Task to carry out :: Using the data below, restate exactly every line from the one with "Laser Hair Removal3" up to and including the one with "Formación en Rehabilitación". No picture belongs in it.

Data extracts ::
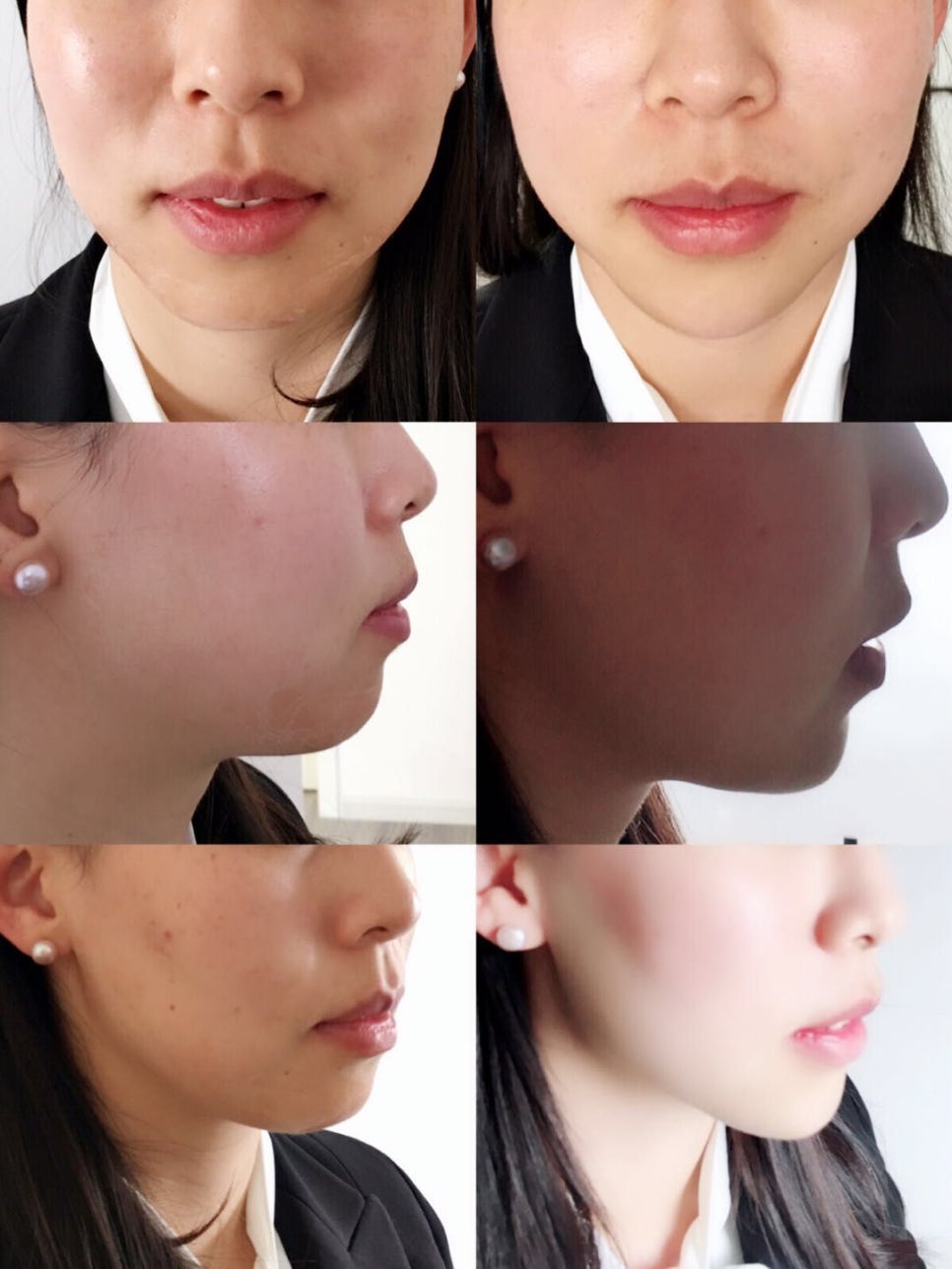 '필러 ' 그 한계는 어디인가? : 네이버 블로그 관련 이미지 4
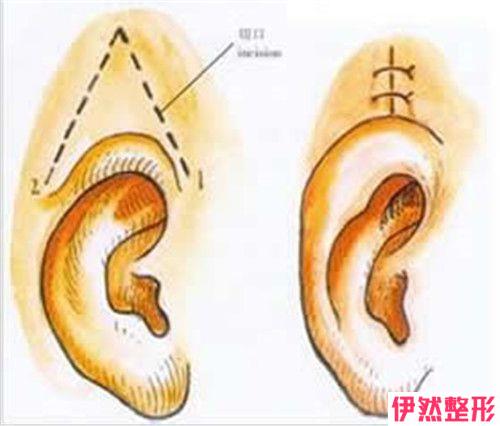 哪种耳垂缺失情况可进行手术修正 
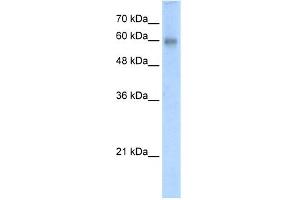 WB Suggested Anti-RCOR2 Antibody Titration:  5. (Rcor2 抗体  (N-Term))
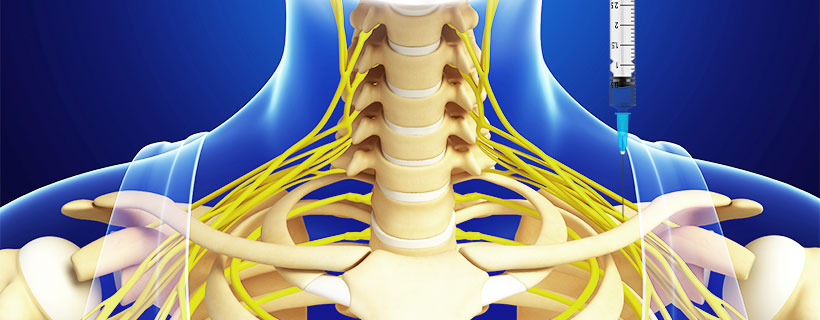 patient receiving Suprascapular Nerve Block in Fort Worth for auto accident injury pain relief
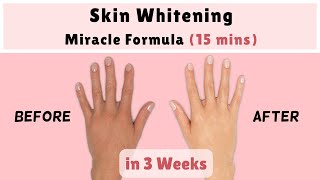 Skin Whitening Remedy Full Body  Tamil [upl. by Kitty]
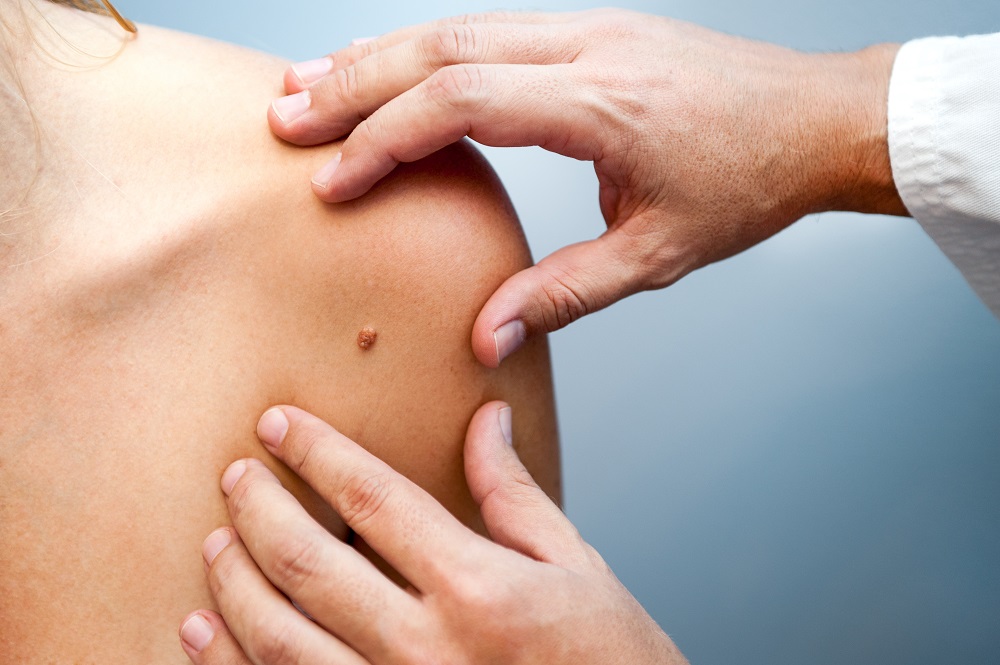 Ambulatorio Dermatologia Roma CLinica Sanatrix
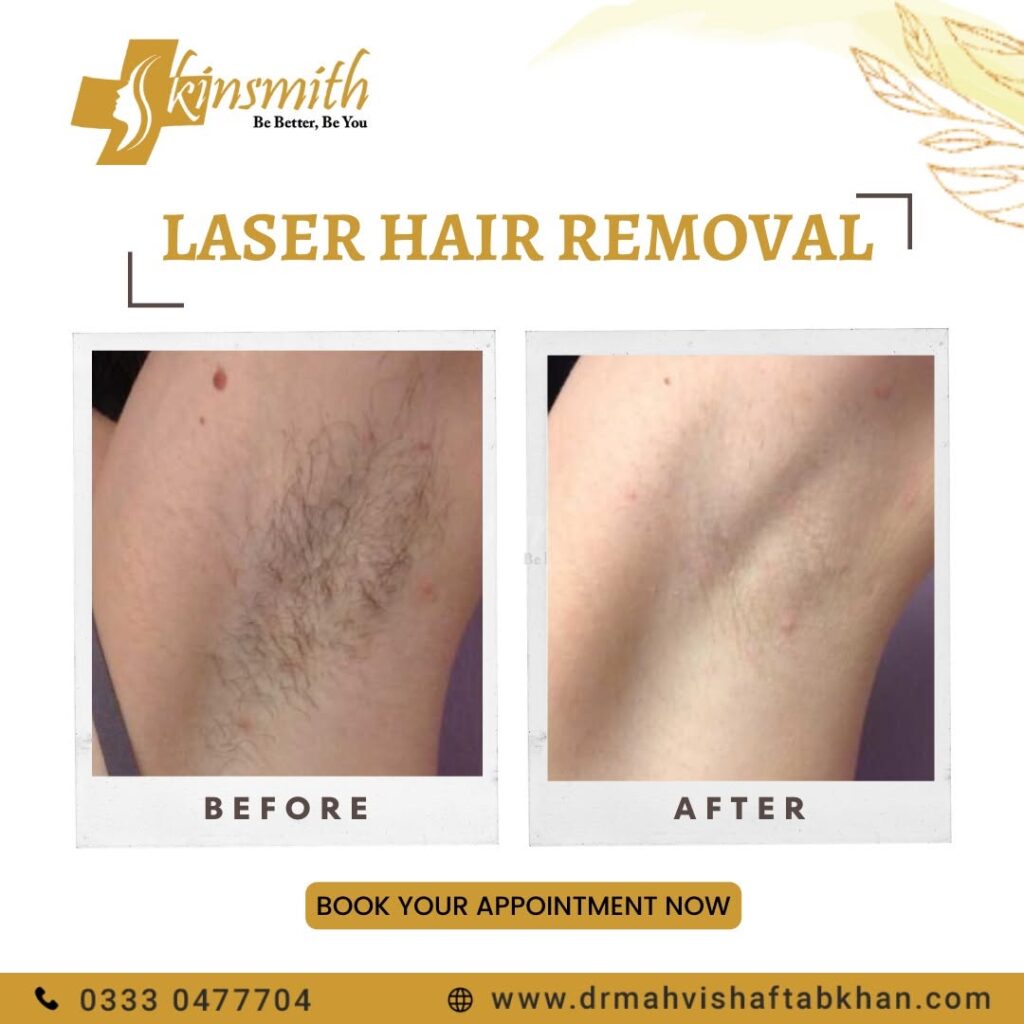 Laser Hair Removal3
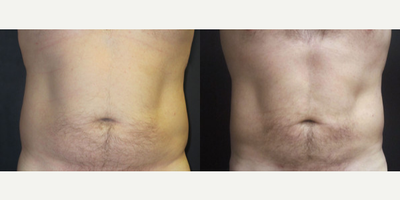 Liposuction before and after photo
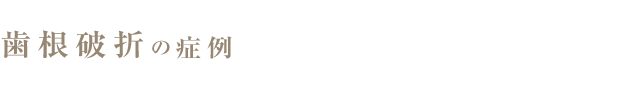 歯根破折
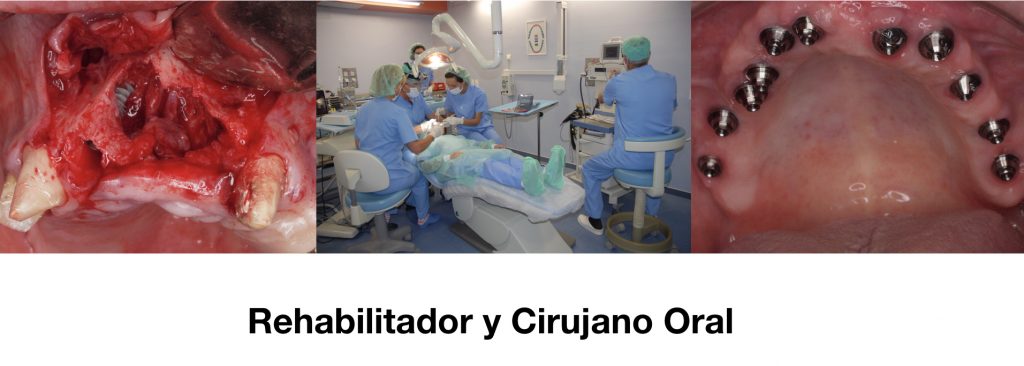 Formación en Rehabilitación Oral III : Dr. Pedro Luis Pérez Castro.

==

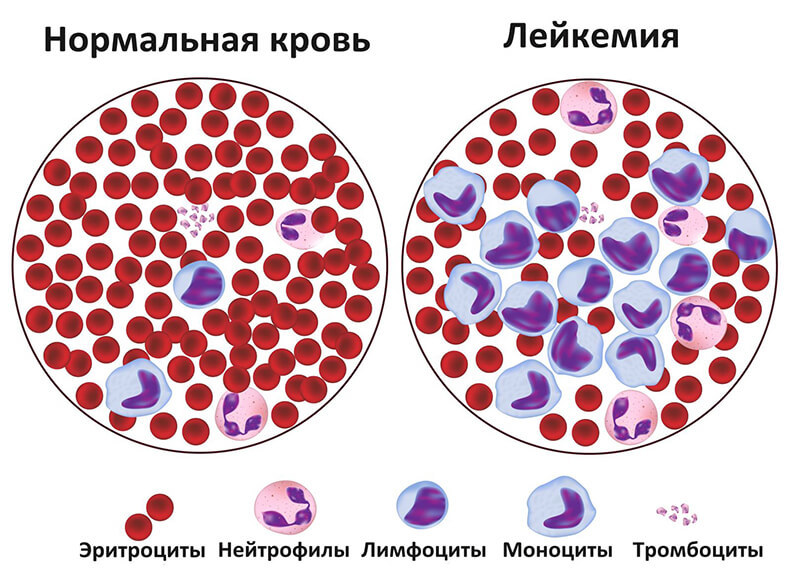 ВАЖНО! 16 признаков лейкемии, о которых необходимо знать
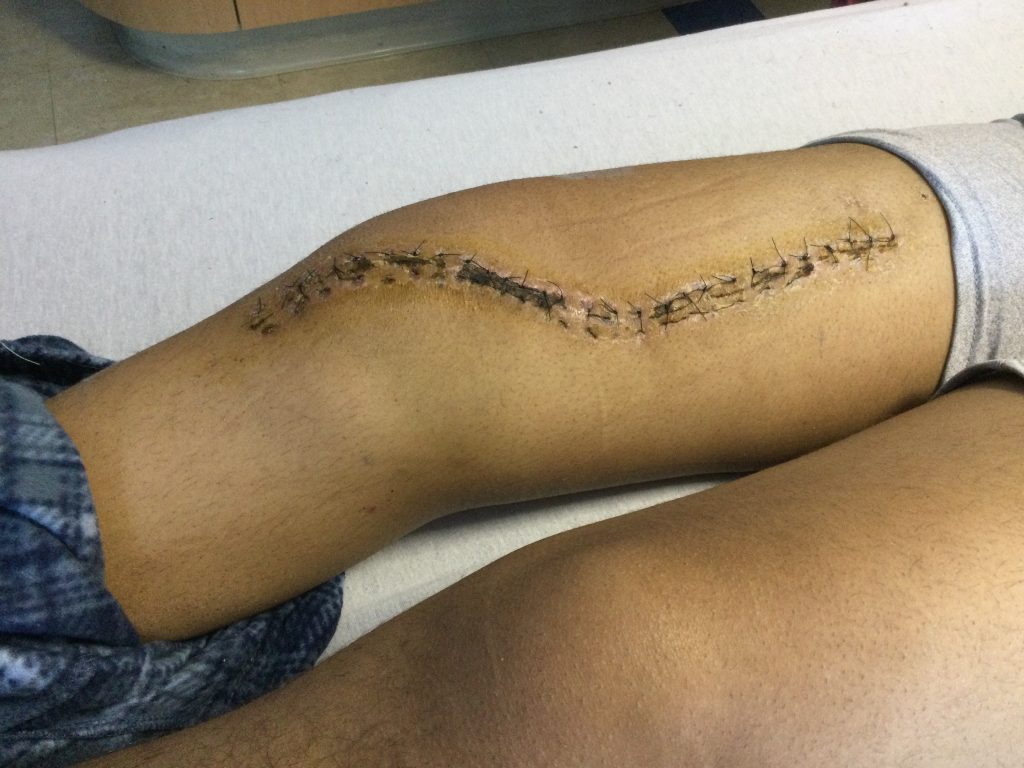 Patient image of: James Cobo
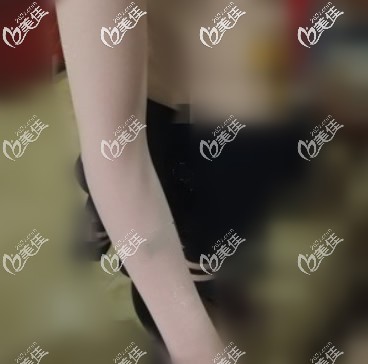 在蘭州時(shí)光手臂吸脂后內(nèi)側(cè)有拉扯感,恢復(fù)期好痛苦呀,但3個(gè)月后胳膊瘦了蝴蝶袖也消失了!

* * *

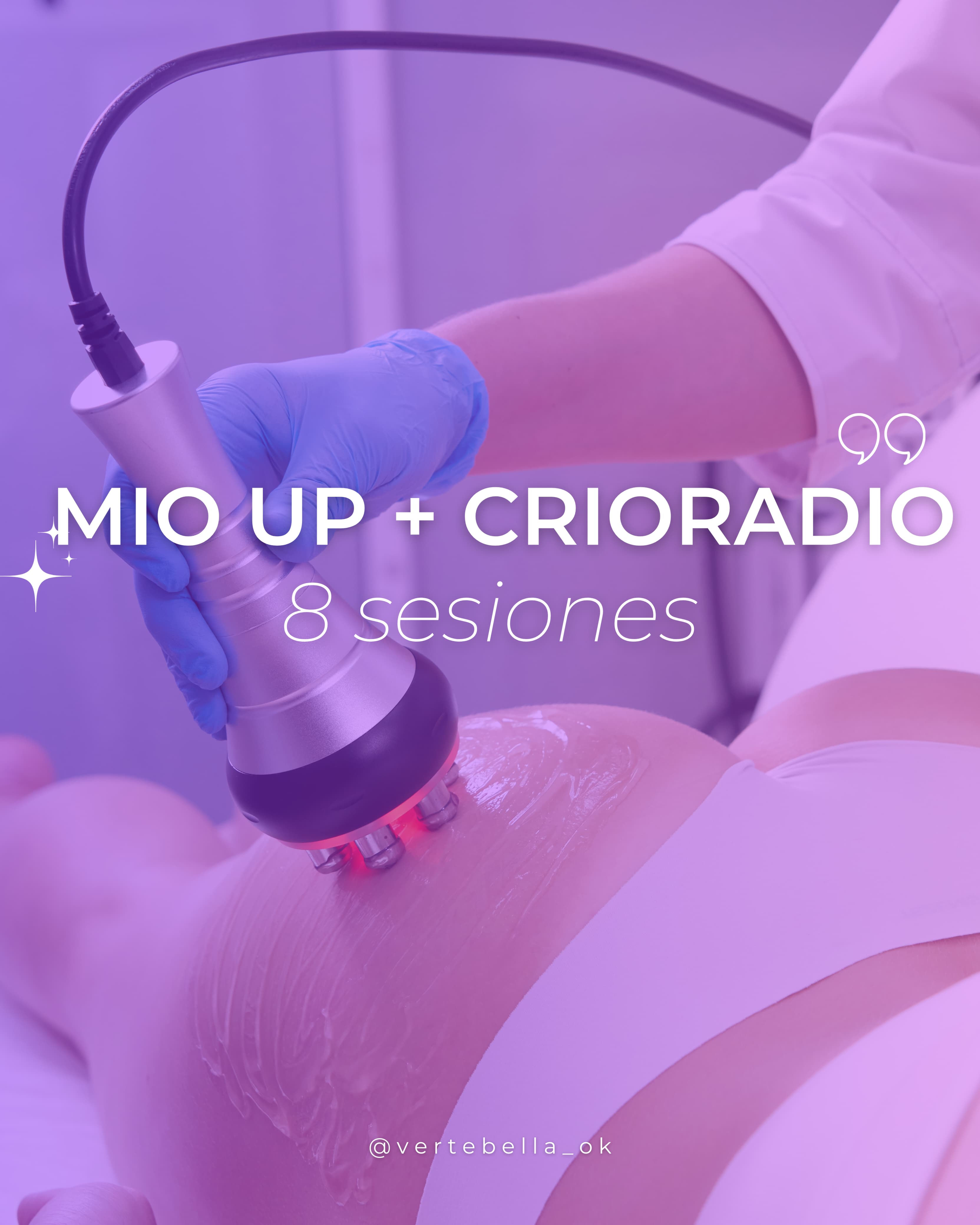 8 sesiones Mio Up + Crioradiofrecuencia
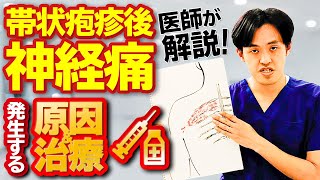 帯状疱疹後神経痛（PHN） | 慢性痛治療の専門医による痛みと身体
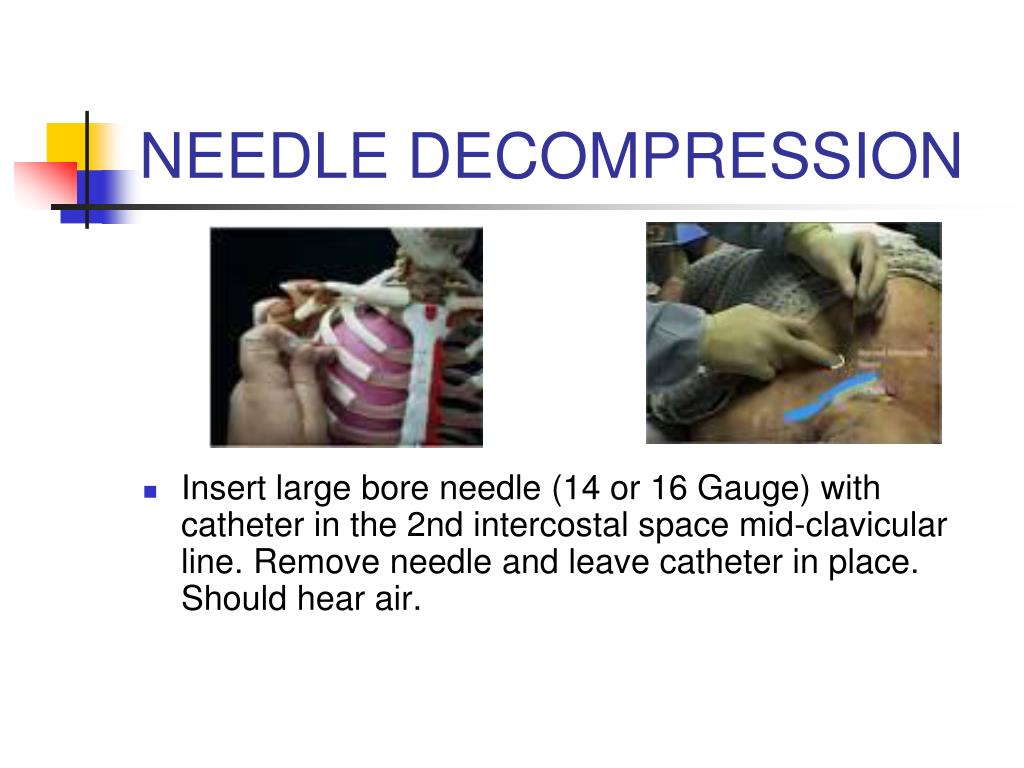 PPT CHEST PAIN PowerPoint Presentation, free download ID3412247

Answer space ::
 Laser Hair Removal3
 Liposuction before and after photo
 歯根破折
 Formación en Rehabilitación Oral III : Dr. Pedro Luis Pérez Castro.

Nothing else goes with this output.